The Trail That Split at Katahdin
In 1997, married hikers Doug and Sheryl Garfield attempted a thru-hike of the Appalachian Trail starting from Mount Katahdin in Maine. They had trained separately — Doug logging miles on rocky Vermont terrain, Sheryl preferring flat loops around their neighborhood in Albany. By the second week, they were arguing about pace, rest stops, and whether to push through rain or wait it out. Near Monson, Maine, they made a quiet decision. Sheryl hitched a ride to Bangor. Doug kept walking south alone.
They later told a reporter the problem was never fitness. It was that they had never sat down before the trip and agreed on what kind of hike they were taking.

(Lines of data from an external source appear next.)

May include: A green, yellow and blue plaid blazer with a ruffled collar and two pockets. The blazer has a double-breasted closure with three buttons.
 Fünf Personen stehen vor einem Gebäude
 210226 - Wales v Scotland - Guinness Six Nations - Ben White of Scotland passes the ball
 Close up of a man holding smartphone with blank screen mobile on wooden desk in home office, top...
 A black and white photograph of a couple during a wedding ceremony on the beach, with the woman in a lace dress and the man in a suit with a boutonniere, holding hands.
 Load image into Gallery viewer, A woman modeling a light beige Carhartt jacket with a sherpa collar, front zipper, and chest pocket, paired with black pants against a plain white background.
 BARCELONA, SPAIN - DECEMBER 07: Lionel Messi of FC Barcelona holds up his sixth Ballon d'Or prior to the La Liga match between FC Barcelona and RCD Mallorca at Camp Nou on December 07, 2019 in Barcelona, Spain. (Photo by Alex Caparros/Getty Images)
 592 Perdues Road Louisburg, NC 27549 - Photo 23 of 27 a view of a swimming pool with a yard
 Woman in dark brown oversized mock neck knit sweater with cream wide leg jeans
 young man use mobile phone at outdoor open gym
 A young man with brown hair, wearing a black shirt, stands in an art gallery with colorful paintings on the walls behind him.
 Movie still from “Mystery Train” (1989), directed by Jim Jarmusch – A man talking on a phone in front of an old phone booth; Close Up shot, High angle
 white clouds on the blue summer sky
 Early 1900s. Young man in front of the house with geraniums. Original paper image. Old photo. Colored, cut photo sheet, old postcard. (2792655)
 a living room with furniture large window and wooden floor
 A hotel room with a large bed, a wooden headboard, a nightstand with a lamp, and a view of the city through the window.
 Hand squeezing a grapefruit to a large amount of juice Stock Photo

Amos asks the people of Israel a deceptively simple question: "Do two walk together, unless they have agreed to meet?" The prophet is not making small talk about hiking companions. He is confronting a nation that claimed covenant with the Almighty while crushing the poor under their sandals. Israel wanted the privilege of walking with God — the protection, the prosperity, the identity — without agreeing to walk God's direction. They wanted the trail without the terms.
Agreement with God is not a handshake between equals. It is the surrender of our route to His. When we oppress, exploit, or simply look away from injustice, we have quietly hitched a ride to Bangor — leaving the path where God actually walks.